[Dataset extract]

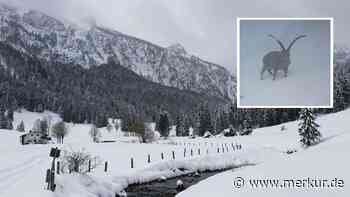 Wintereinbruch im Tölzer Land: Über ein Meter Neuschnee – Tourengeher auf Brauneck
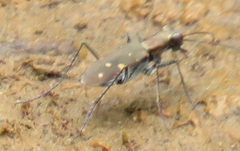 Cylindera disjuncta
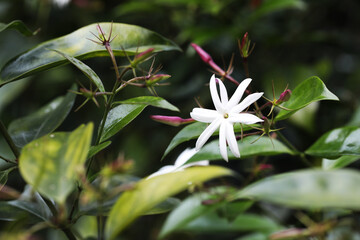 angel wing jasmine (Jasminum laurifolium) flower close up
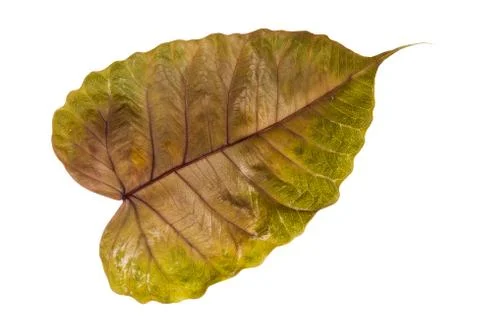Dried leaf isolated Stock Photos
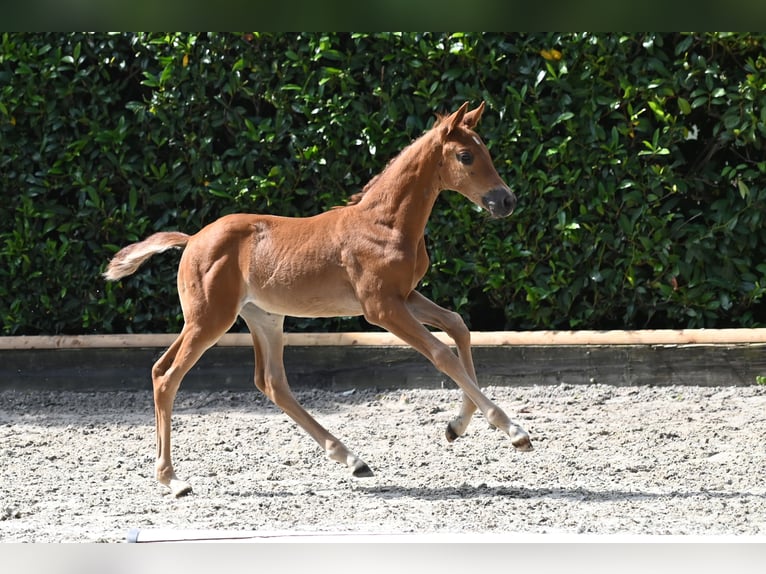 Trakehner Stute 1 Jahr 168 cm Fuchs in Bad Zwischenahn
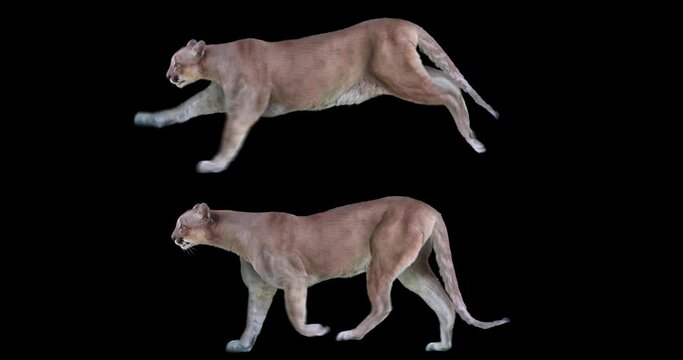 Set of cougar puma walking and running realistic animation. Isolated Mountain lion video including alpha channel allows to add background.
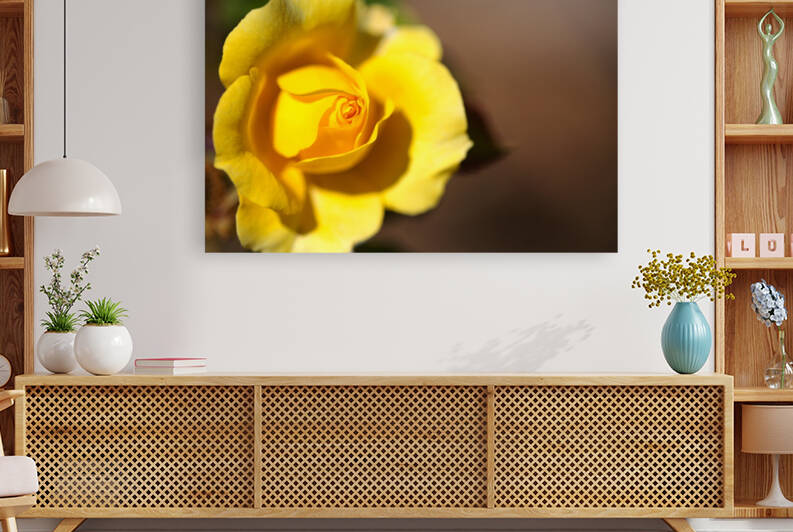 Wonderful Gold Bunny Rose by Joy Watson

[/Dataset extract]

§ Assignment: Could you give the listing above again word for word, without any pictures?

§ Task output:
 Wintereinbruch im Tölzer Land: Über ein Meter Neuschnee – Tourengeher auf Brauneck
 Cylindera disjuncta
 angel wing jasmine (Jasminum laurifolium) flower close up
Dried leaf isolated Stock Photos
 Trakehner Stute 1 Jahr 168 cm Fuchs in Bad Zwischenahn
 Set of cougar puma walking and running realistic animation. Isolated Mountain lion video including alpha channel allows to add background.
 Wonderful Gold Bunny Rose by Joy Watson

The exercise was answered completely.